• [Available data]
|---|

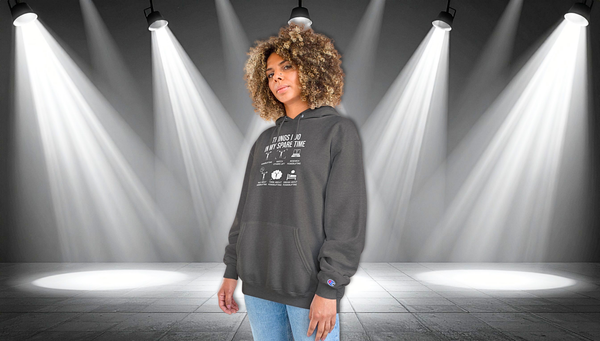Champion Hoodie — 'Things I Do In My Spare Time' Graphic Hoodie for Casual Athleisure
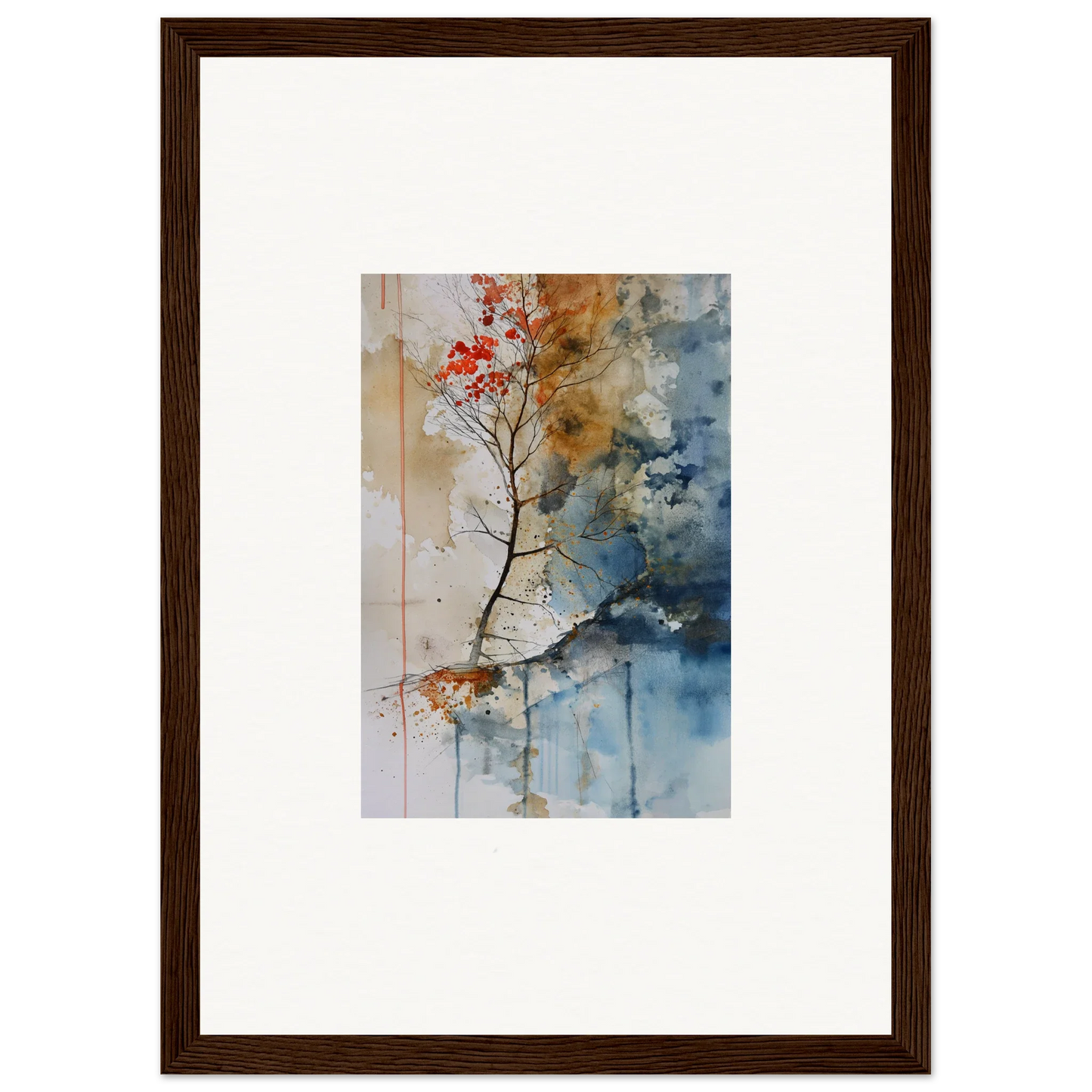 Framed wall art of a tree branch with red leaves, perfect for room decor with spectrum spoon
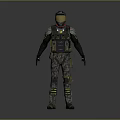 Tactical Combat Character 3D Model Featuring Helmet Glowing Goggles Tactical Vest Camouflage Pants Brown Boots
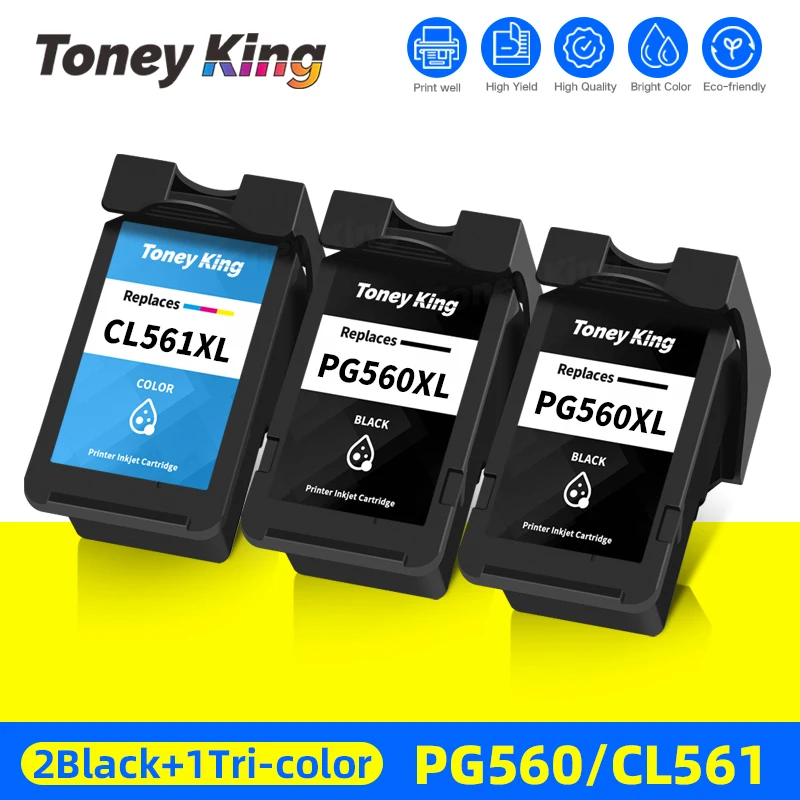 

TONEY KING 560XL 561XL PG560 CL561 For Canon PG-560 CL-561 XL Ink Cartridges For Canon Pixma TS5350 TS7450 TS5351 TS5352 TS5353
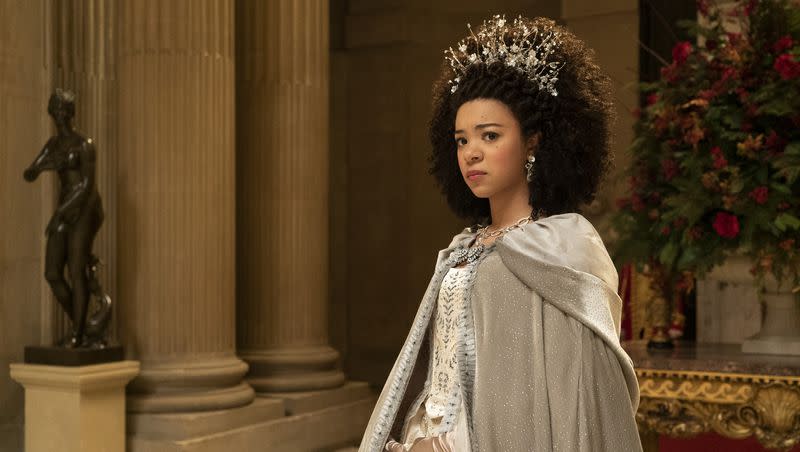 India Ria Amarteifio as Young Queen Charlotte in “Queen Charlotte: A Bridgerton Story.”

|---|

• [What needs to be done]
Only lines from the one holding "TONEY KING 560XL" through the last line of the entries above are wanted, both ends included, each retyped exactly; no pictures.

• [Result for this exercise]
TONEY KING 560XL 561XL PG560 CL561 For Canon PG-560 CL-561 XL Ink Cartridges For Canon Pixma TS5350 TS7450 TS5351 TS5352 TS5353
 India Ria Amarteifio as Young Queen Charlotte in “Queen Charlotte: A Bridgerton Story.”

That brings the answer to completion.